Records for the task:
+ + +
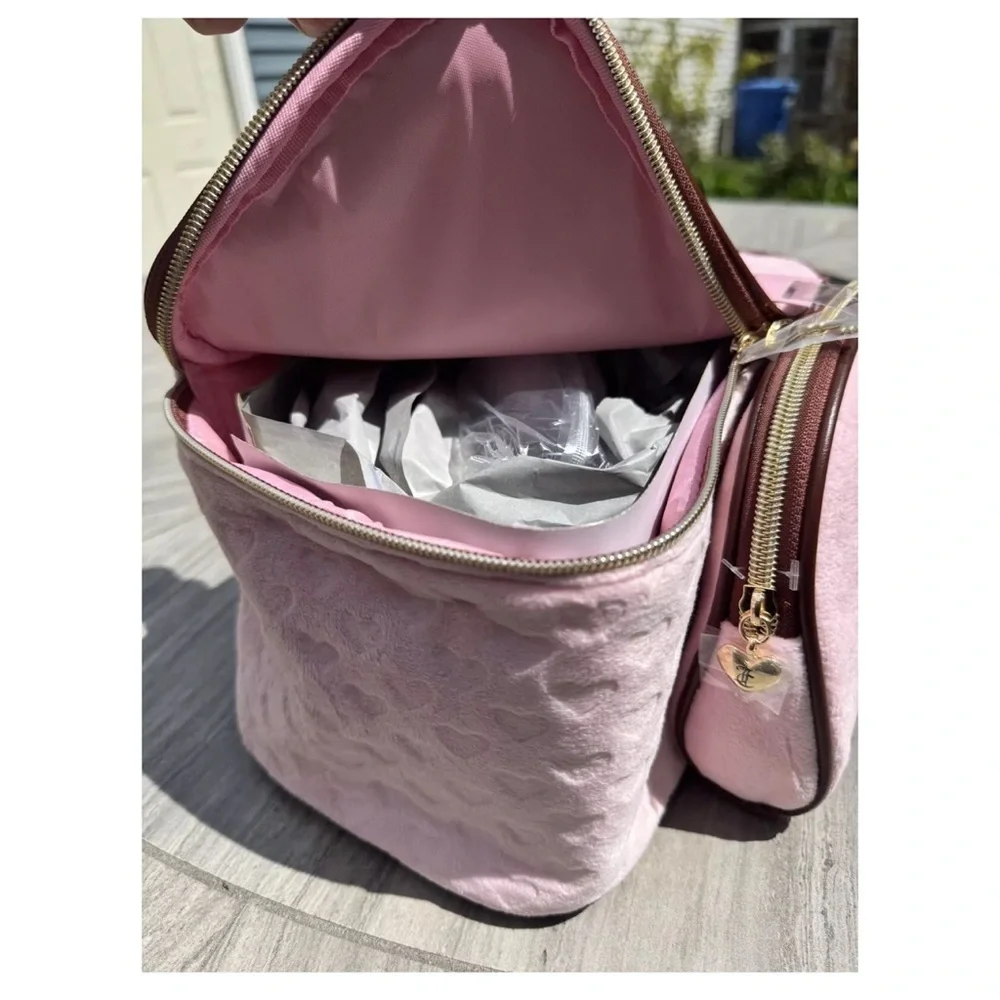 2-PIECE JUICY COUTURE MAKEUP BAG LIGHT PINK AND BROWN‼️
+ + +
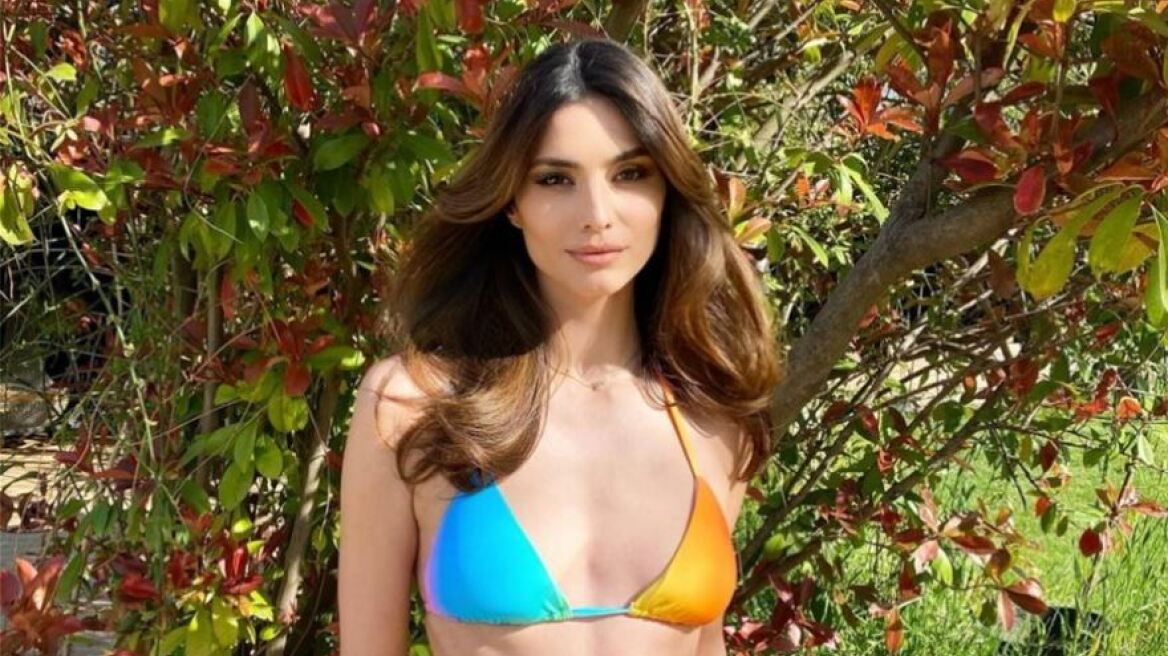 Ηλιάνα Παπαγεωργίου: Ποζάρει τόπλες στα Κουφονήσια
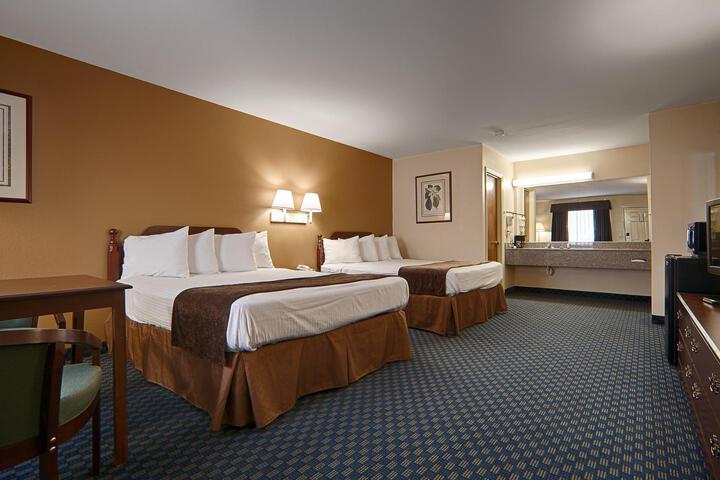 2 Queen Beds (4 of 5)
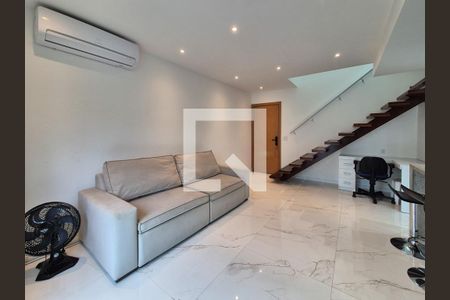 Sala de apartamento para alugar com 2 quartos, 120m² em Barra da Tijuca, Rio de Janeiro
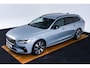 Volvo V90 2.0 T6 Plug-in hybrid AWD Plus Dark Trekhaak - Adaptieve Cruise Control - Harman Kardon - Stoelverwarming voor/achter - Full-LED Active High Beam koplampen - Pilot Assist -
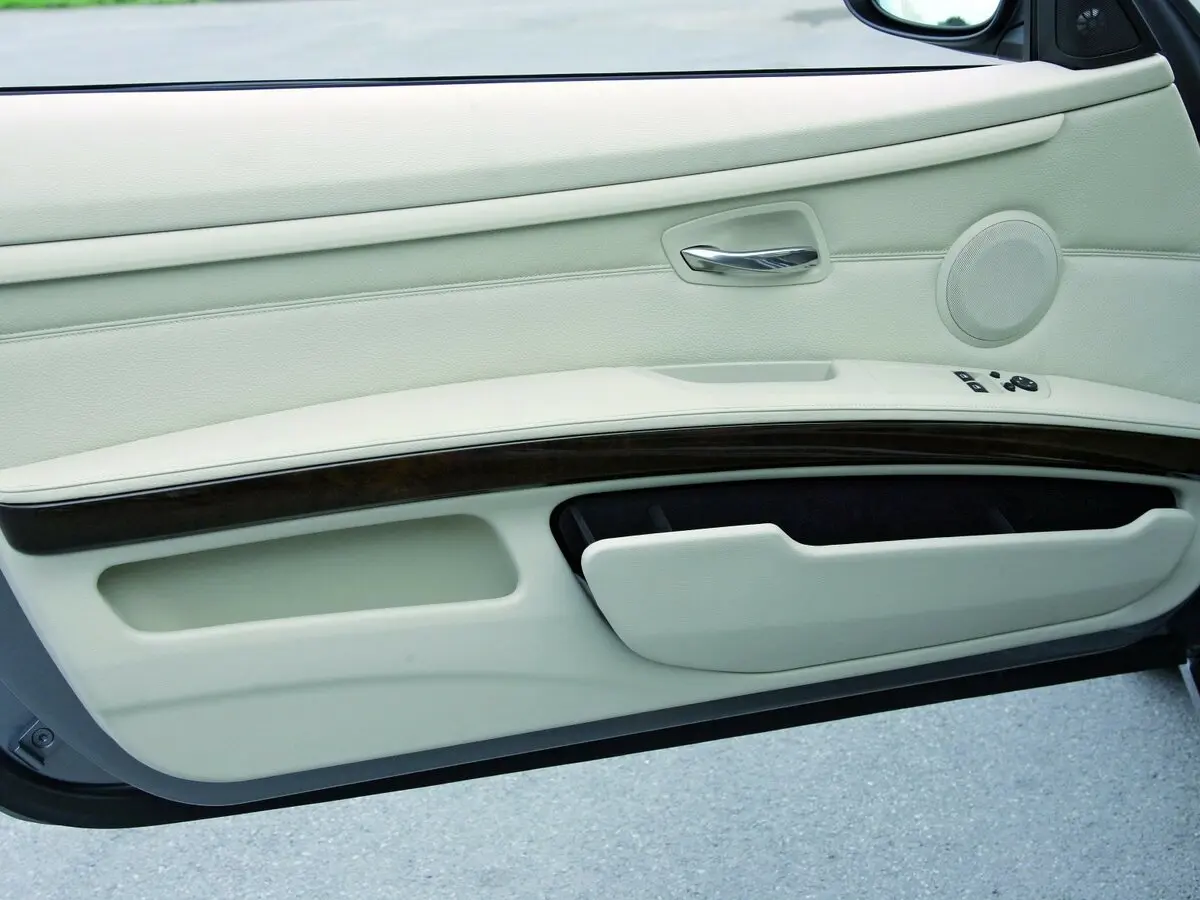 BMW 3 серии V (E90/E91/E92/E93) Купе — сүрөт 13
+ + +
Assignment: Look above for the line with "Sala de apartamento" and the line with "BMW 3 серии", then copy exactly the lines from the first through the second, both kept, with no pictures.

Solved problem:
 Sala de apartamento para alugar com 2 quartos, 120m² em Barra da Tijuca, Rio de Janeiro
 Volvo V90 2.0 T6 Plug-in hybrid AWD Plus Dark Trekhaak - Adaptieve Cruise Control - Harman Kardon - Stoelverwarming voor/achter - Full-LED Active High Beam koplampen - Pilot Assist -
 BMW 3 серии V (E90/E91/E92/E93) Купе — сүрөт 13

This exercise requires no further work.